Manufactured, patterned and sealed for approval, fresh from the factory; welcome to the heart-throb, boy band era of 1995-2005. Grab a hand full of good looking guys or gals -- occasionally mix the two -- and have them deliver the love and happiness to young kids and teens alike. There was an innocence to this type of band which has long been forgotten about in today's music industry: the image of these bands were aimed at being sugar coated and cute than sexy; lyrics were a lot less vulgar and smutty. A group aimed at children spent more time writing lyrical content about a guy talking about hanging out with a girl he liked, rather than the slut drop she gave him while the coke was flowing and the booze was swimming. A kid could genuinely look up to these groups without feeling dirty about it when it came time to exit teenhood.
This little group was at the heart of this era; one of the torch bearers of smooth grooves and dreamy pop melodies, backed up by a squeaky clean look to help it all along. It's also the group to contain one Justin Timberlake, soon to become a global phenomenon when he decided to go solo. *NSYNC's debut album is one of great potential and utter anguish. Album opener "Tearin' Up My Heart" is pure and simple a great pop track: containing all the hallmark elements needed to propel a band to the big time, catchy hooks, memorable choruses and great harmonies. It's the kind of track that will get stuck in your head for weeks after hearing it, due to a near flawless execution. However, the same can't be said for the rest of the album. Back in the day, when music actually sold off of a shelf, record labels had a dirty little plan to lure the punter in with a great single -- ala "Tearin' Up My Heart" -- get them to buy the album for said single and the deal is done. It's always been a distinct problem when it came to a group of this type; the marketing ploy is so clear-cut, it was almost daylight robbery.

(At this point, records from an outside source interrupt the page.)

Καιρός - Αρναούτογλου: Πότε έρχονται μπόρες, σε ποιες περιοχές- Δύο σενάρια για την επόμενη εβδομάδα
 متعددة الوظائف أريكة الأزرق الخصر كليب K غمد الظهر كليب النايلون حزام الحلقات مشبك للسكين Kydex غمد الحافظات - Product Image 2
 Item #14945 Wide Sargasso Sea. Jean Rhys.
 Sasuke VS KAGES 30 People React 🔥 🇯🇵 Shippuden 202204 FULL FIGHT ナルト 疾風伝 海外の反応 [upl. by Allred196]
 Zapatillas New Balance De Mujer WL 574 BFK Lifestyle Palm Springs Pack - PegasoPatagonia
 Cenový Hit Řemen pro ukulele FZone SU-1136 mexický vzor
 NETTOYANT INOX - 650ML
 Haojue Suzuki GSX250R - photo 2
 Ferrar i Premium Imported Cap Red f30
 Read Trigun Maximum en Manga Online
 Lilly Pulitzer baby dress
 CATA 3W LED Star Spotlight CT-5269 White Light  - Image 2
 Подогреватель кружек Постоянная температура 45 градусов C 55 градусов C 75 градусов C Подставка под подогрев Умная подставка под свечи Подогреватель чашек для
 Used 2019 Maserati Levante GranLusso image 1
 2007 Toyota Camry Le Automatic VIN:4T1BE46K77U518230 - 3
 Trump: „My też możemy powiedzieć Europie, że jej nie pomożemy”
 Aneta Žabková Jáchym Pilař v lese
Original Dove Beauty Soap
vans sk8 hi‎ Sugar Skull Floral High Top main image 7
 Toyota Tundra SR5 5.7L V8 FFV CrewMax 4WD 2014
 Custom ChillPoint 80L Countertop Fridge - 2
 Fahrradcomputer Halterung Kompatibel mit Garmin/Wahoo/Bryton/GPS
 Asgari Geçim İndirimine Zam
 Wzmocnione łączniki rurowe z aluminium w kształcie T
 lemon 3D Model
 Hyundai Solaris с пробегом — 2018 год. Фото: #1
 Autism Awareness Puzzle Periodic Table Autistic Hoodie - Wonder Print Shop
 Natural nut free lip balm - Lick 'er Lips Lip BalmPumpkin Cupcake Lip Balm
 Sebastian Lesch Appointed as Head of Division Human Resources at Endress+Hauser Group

No, when it comes to the meat and potato of this self-titled LP, there is little to hold interest past that single. The soft signature pop sound of the 90s is here, "I Just Wanna Be With You" and "God Must Have Spent A Little More Time On You" have that slick Michael Jackson production, coupled together well with the groups soothing vocal work, which perks up interest somewhat and is catchy and enjoyable to listen to, but the level of quality isn't the same, and for the most part tracks are fairly dull. It does have to be said the album has the odd moment where a pulse shows up on this souless record: "I Want You Back" is a decent highlight on here and contains some of the great qualities the opening track has, but albeit still lacks spice to make it stand up next to it. NSYNC
most of the time suffers from dire lyrics, boring compositions, with vocal hooks that just aren't there. The guys just don't pull together enough to bring anything interesting to the table. And by today's standards, some tracks don't translate well: the terribly dated techno beats of "I Need Love" do little to help this record look any younger; the solo monologue on "Everything I Own" is vomit inducing to say the least, and the electric guitar moments on "Crazy For You" are hilariously out of place.
Overall, the band genuinely have some decent songs in their back catalogue, but listening to this LP in its entirety is painful to sit through. There is no craftsmanship here, no real care put into their work and it just feels like another album made to keep the big wheel turning; just like many others at its time. Their sophomore record fairs a little better, but you won't find much worthwhile here.